— Available data —
__________
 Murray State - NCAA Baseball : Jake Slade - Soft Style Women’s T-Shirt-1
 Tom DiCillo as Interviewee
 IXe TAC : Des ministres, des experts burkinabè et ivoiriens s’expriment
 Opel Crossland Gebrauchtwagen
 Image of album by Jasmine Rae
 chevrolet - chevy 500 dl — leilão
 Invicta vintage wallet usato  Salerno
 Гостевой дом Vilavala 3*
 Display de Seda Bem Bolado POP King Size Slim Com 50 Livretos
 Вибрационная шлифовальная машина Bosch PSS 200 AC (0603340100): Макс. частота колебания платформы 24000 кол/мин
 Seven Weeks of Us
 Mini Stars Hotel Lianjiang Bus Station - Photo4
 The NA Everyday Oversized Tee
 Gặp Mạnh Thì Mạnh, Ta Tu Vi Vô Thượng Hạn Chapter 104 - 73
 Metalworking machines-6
__________
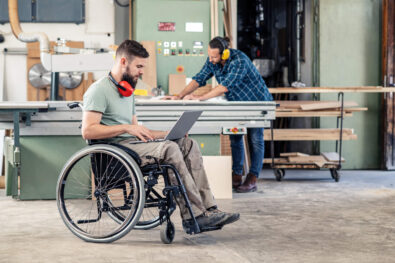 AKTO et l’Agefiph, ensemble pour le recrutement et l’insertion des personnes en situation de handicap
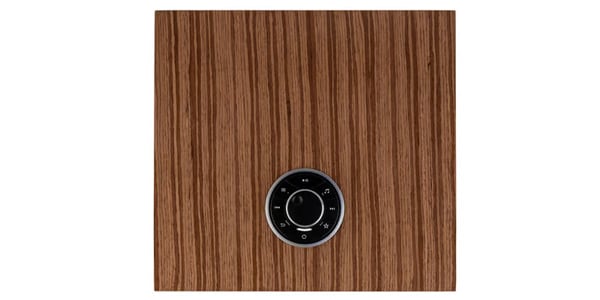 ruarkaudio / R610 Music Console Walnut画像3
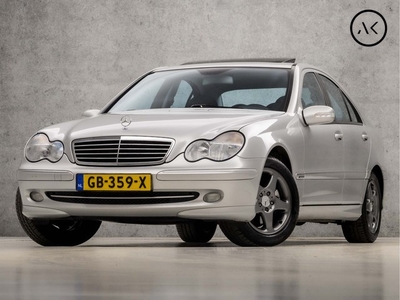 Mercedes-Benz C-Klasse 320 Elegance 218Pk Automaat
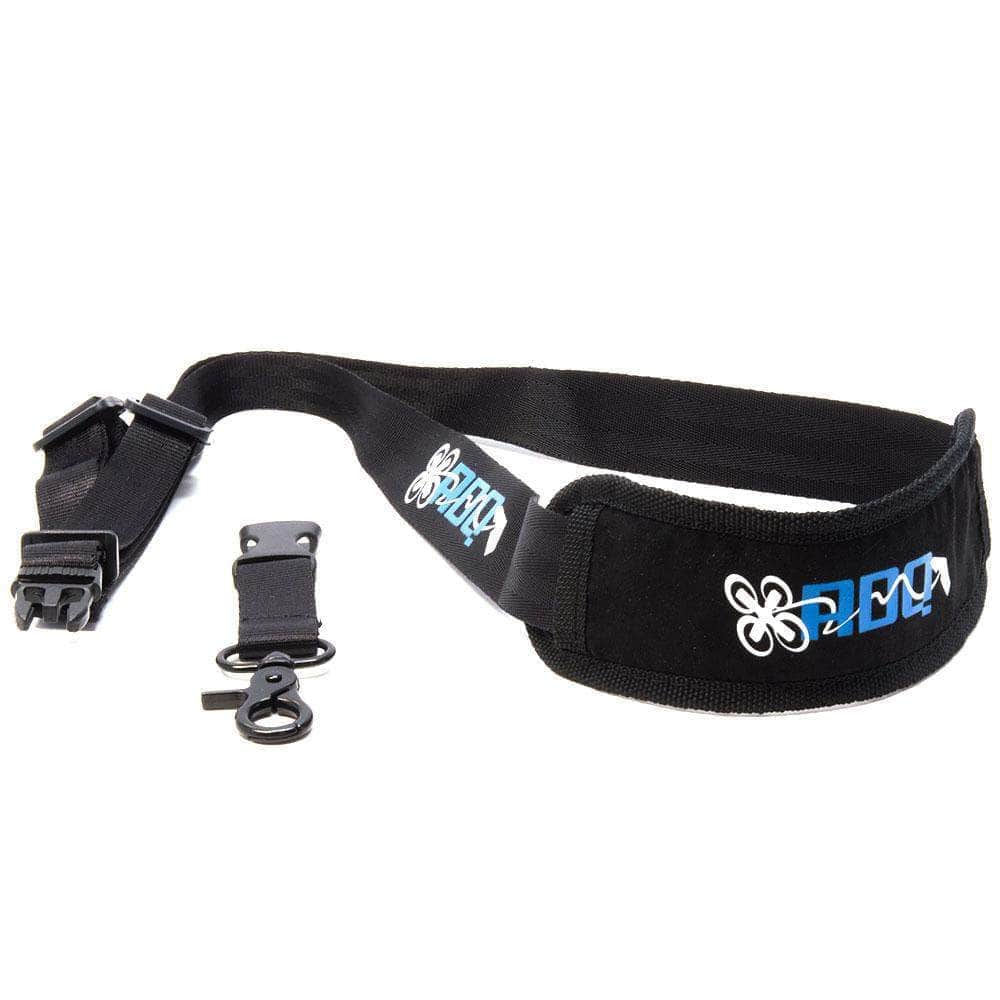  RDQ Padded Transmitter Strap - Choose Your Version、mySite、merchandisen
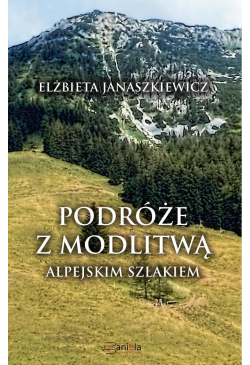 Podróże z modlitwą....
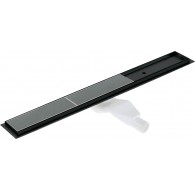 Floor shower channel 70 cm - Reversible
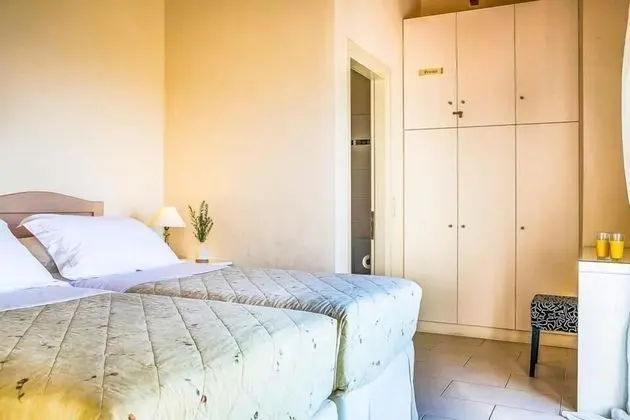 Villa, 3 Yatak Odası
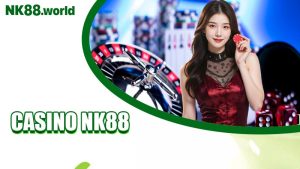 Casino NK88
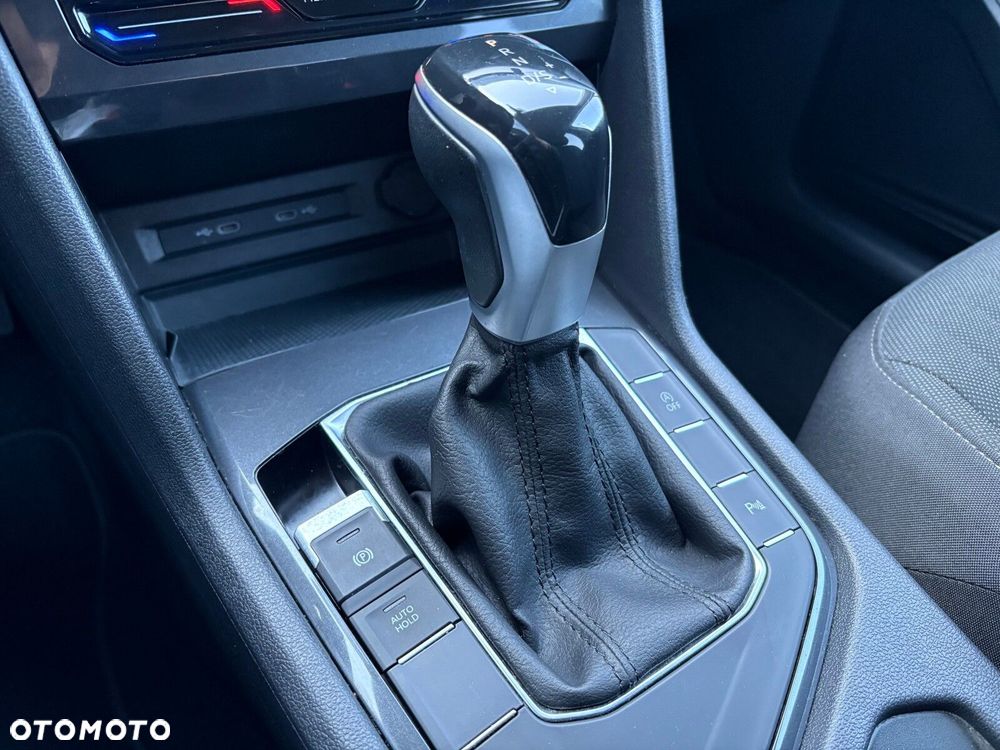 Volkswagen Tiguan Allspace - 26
__________
Begin with the line that has "Murray State - NCAA" in the listing above and end after the line that has "Mini Stars Hotel"; output those lines exactly.

 Murray State - NCAA Baseball : Jake Slade - Soft Style Women’s T-Shirt-1
 Tom DiCillo as Interviewee
 IXe TAC : Des ministres, des experts burkinabè et ivoiriens s’expriment
 Opel Crossland Gebrauchtwagen
 Image of album by Jasmine Rae
 chevrolet - chevy 500 dl — leilão
 Invicta vintage wallet usato  Salerno
 Гостевой дом Vilavala 3*
 Display de Seda Bem Bolado POP King Size Slim Com 50 Livretos
 Вибрационная шлифовальная машина Bosch PSS 200 AC (0603340100): Макс. частота колебания платформы 24000 кол/мин
 Seven Weeks of Us
 Mini Stars Hotel Lianjiang Bus Station - Photo4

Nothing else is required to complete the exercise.